*EXERCISE DATA*
----

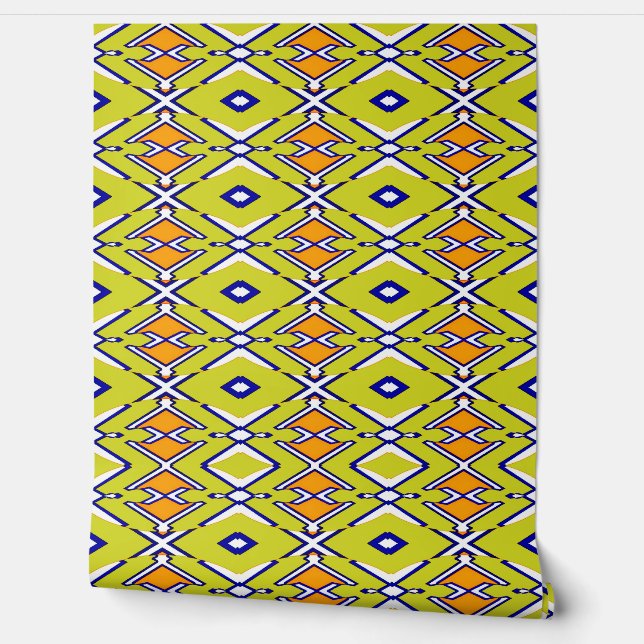 Een  veelkleurige "Ratti_Creative_Arts" Wallpap Behang (Afrollen)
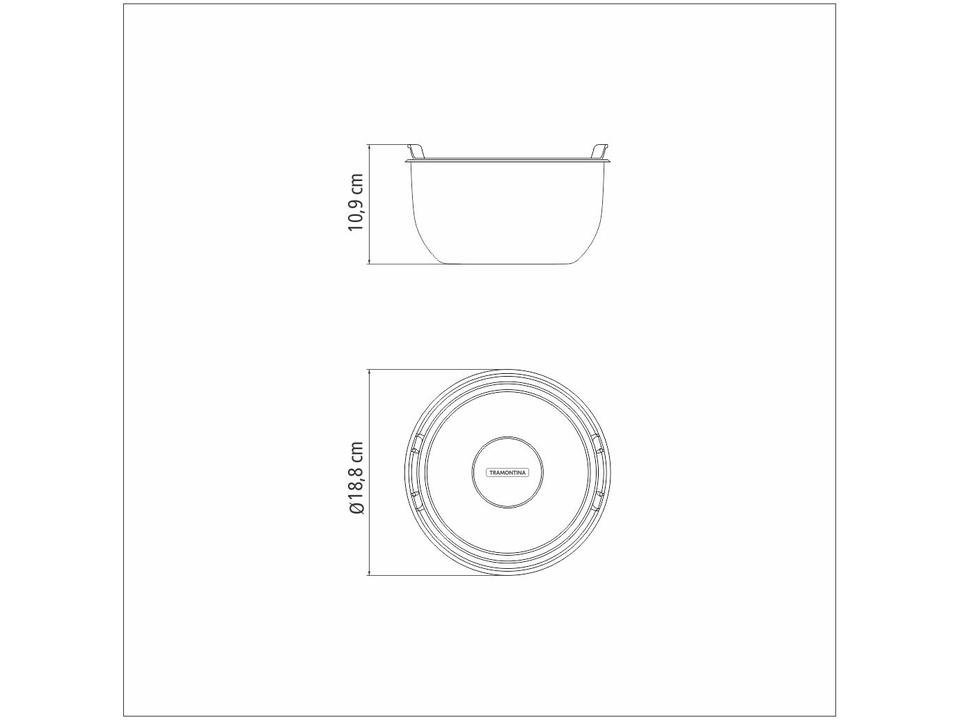 Recipiente Redondo em Inox 1,6 Litros c/ Tampa - 5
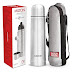 Milton Flip Lid 500 Thermosteel Vacuum Insulated Double Walled Flask with Drinking Cup lid & Jacket,500 ml Water Bottle,24 Hours Hot & Cold,Easy to Carry,Easy Grip,Rust Proof,Tea,Travel Bottle,Silver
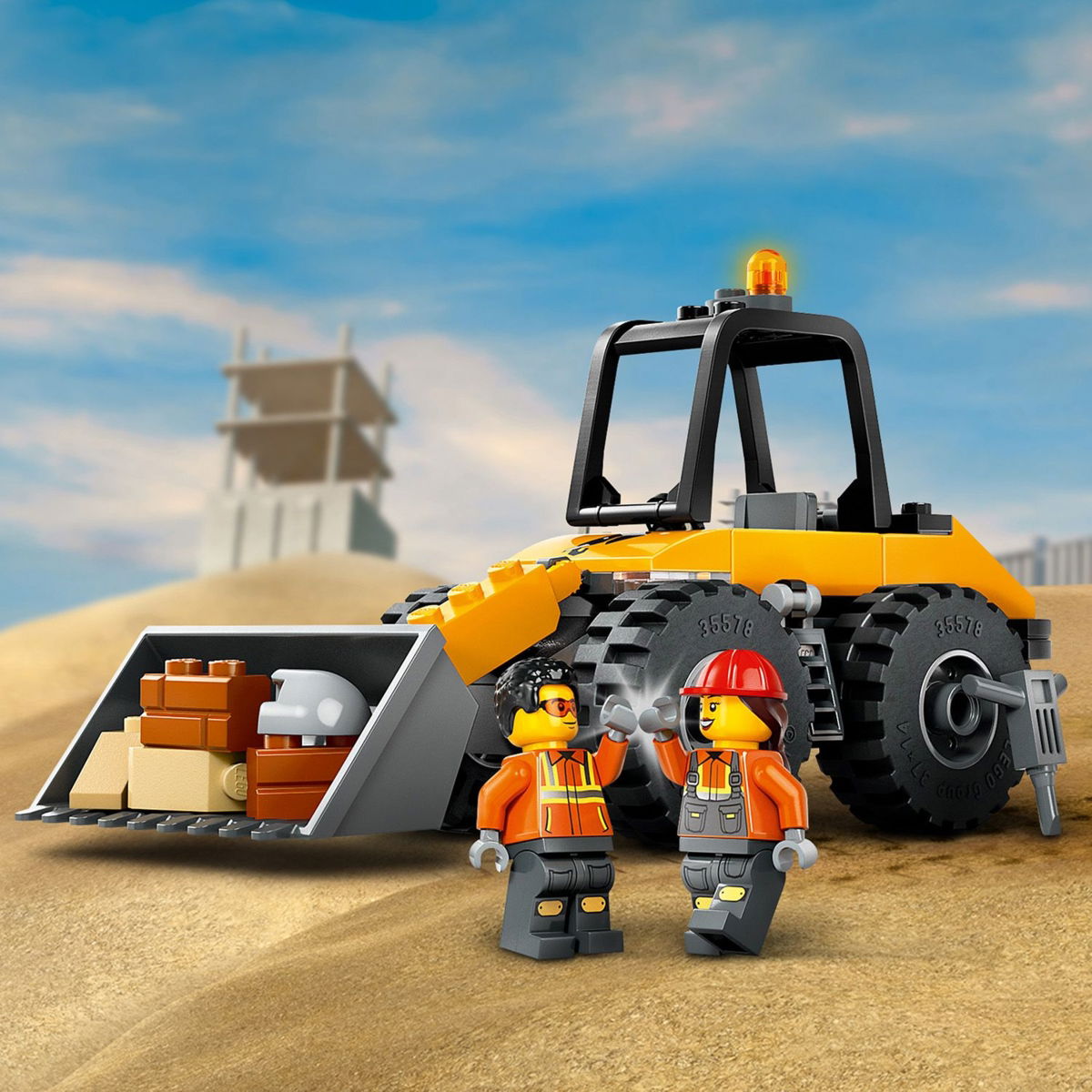 Konstruktorius LEGO City Yellow Construction Wheel Loader - 6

----

*WORK REQUIRED*
For this exercise, reproduce the data above exactly from the line containing "Milton Flip Lid" through its final line, both ends included, with no pictures in the copy.

*RESPONSE BELOW*
 Milton Flip Lid 500 Thermosteel Vacuum Insulated Double Walled Flask with Drinking Cup lid & Jacket,500 ml Water Bottle,24 Hours Hot & Cold,Easy to Carry,Easy Grip,Rust Proof,Tea,Travel Bottle,Silver
 Konstruktorius LEGO City Yellow Construction Wheel Loader - 6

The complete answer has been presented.